70%: The Real Reason Ophthalmologists Don't Negotiate

Verdira Team

Verdira Team

70%: The Real Reason Ophthalmologists Don't Negotiate

Most ophthalmologists sit down for their last contract negotiation, hear a number, push back a little, and leave with something close to what they were originally offered. According to Medscape's 2026 Ophthalmologist Compensation Report, about 7 in 10 ophthalmologists didn't get more than "moderately" aggressive the last time they negotiated their pay. Physicians generally aren't far behind, at 63%.

The easy explanation is that doctors make weak negotiators. Medical training rewards collaboration over confrontation, and pushing hard for your own number can feel like the wrong instinct after a decade spent putting patients first. That explanation is comfortable, and it leaves out the bigger driver.
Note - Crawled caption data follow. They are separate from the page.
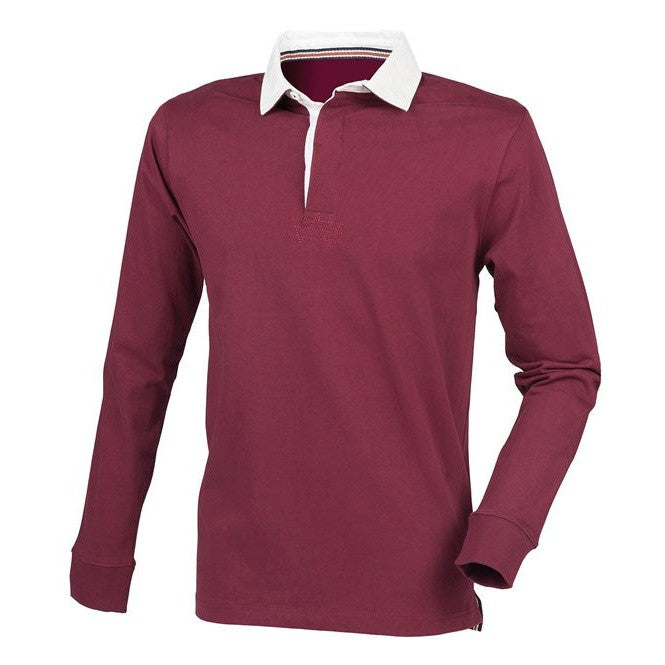 Front Row Premium Superfit Rugby Shirt Slim Fit Soft Cotton Woven Collar
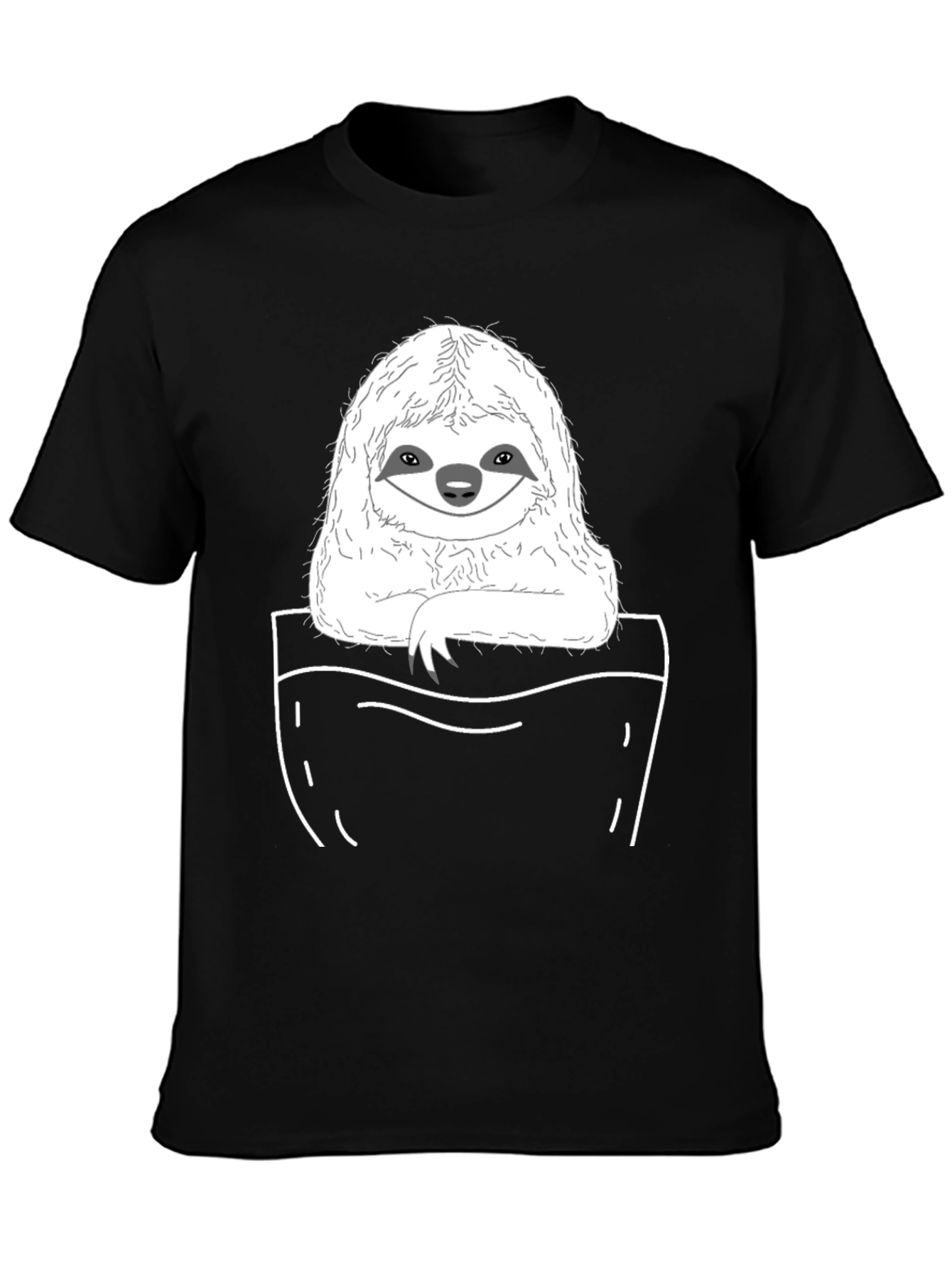 Sloth Pocket T-Shirt - Cute & Comfy
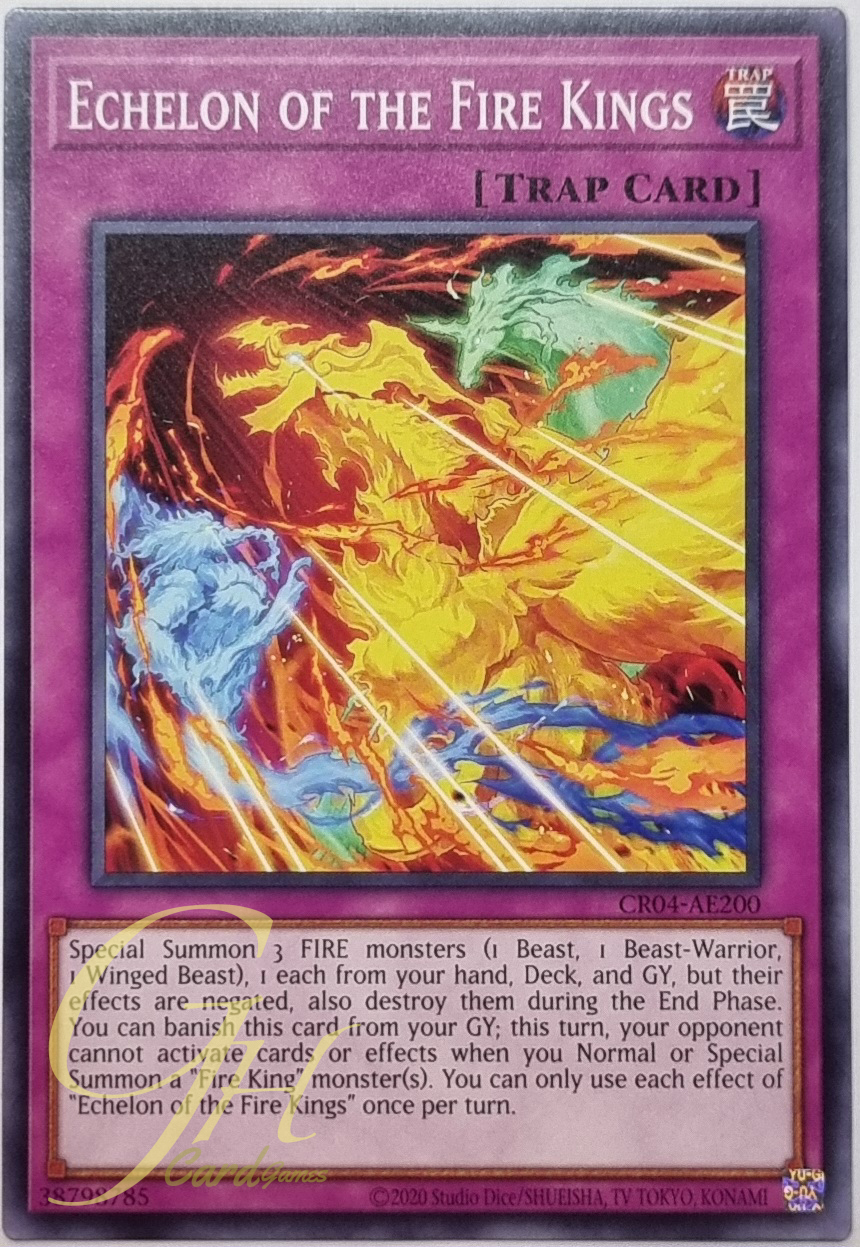 Yugioh [CR04-AE200] Echelon of the Fire Kings (Common)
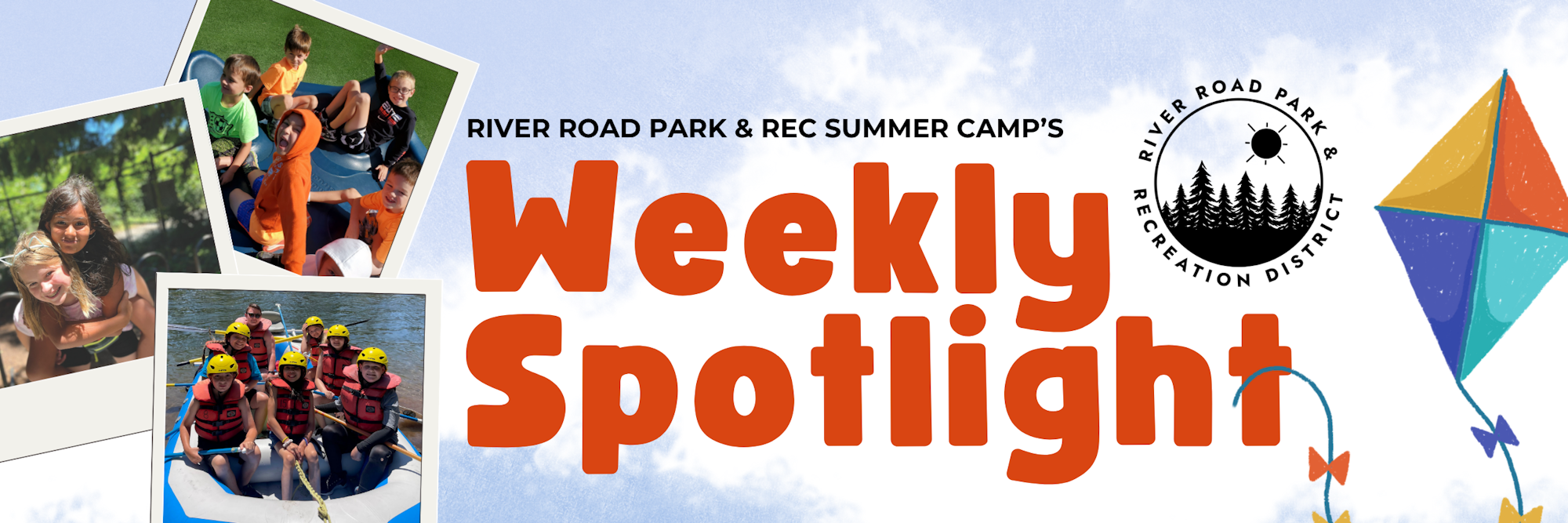 Highlights from River Road Park & Rec Summer Camp featuring kids enjoying various activities and adventures.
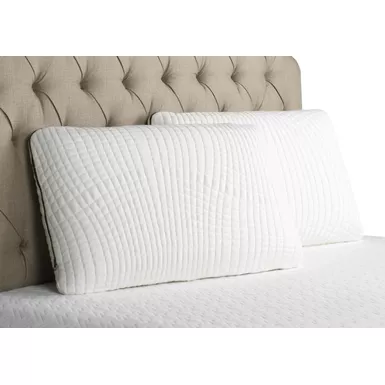 image of FlexSleep Copper Infused Memory Foam Queen Pillow with sku:812894019507-sby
A large and growing share of employers have turned negotiation into a closed question, and they did it on purpose.

What Consultants Actually Tell Employers

Chad Stutelberg is the national managing director of healthcare compensation and rewards at Arthur J. Gallagher & Co, and his job is advising hospitals and large groups on how to structure physician pay. In Medscape's report, he describes exactly how that advice has hardened over time. His guidance to employers now is direct: build one standard compensation philosophy, apply it evenly, and when a physician asks to negotiate, the answer is simply "we don't negotiate."
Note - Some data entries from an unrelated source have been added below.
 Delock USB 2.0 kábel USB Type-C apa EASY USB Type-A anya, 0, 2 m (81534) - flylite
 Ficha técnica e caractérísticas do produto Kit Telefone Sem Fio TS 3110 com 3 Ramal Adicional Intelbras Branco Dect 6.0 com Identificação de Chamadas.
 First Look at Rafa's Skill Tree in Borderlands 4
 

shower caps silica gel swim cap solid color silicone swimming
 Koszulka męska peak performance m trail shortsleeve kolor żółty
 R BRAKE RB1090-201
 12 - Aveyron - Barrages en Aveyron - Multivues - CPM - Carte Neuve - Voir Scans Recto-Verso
The logic is defensive. It protects an employer's payroll structure from a single counteroffer that could unravel consistency across every other physician under the same policy. Letting one doctor's negotiating skill set their number creates a problem the moment word travels, and word always travels. Stutelberg puts it plainly: other physicians find out what a colleague negotiated within minutes, and once that happens, everyone wants the same deal. A single standard philosophy removes that exposure completely. It's tidy, it's defensible in front of a board, and it scales cleanly across a hundred employed physicians instead of a hundred separate conversations.

That's also, in practical terms, why your last negotiation probably didn't move much no matter how well you made your case. You weren't up against a person weighing your argument on its merits. You were up against a policy built to be immovable, by design, before you ever sat down.
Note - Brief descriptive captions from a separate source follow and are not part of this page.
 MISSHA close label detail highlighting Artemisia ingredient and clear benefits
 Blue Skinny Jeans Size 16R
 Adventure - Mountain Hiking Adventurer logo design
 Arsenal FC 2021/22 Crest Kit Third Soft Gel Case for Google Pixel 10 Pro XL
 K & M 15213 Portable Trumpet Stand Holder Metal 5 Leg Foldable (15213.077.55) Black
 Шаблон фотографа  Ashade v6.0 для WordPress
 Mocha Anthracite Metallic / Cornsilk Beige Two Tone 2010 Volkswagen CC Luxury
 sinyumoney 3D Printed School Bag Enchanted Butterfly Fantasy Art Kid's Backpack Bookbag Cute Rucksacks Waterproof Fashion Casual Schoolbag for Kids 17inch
Where This Policy Came From

Stutelberg's advice isn't happening in a vacuum. It tracks a decade-long shift in who actually employs physicians. In 2012, roughly 60% of physicians owned their own practice. By 2022, that share had fallen below 47%, and just under half of all US physicians had become employees inside someone else's organization. Alongside that shift, an estimated 41% of physician practices nationally are now owned by a hospital, health system, or corporate and private equity entity.

Stutelberg connects the dots himself. The hospitals he works with used to negotiate physician pay one doctor at a time, and that stopped once they became part of bigger organizations. Scale is the mechanism. A standard compensation philosophy only becomes worth building once an employer has enough physicians under one roof that consistency starts to matter more than any single relationship, and that threshold keeps getting crossed as consolidation continues. The bigger the employer, the more physicians sit under the same fixed structure, and the less room any one of them has left to move it.

In practice, these standard structures tend to share a few features regardless of employer. Pay bands get set by specialty and tenure rather than by individual negotiation. Signing bonuses, where they exist at all, follow a fixed schedule instead of a case by case ask. Review cycles happen on a timeline the employer sets, not one the physician requests. None of that reflects a judgment on any individual doctor's worth. It's simply what a policy looks like once it's built to apply evenly across everyone it covers, and evenness is exactly the point.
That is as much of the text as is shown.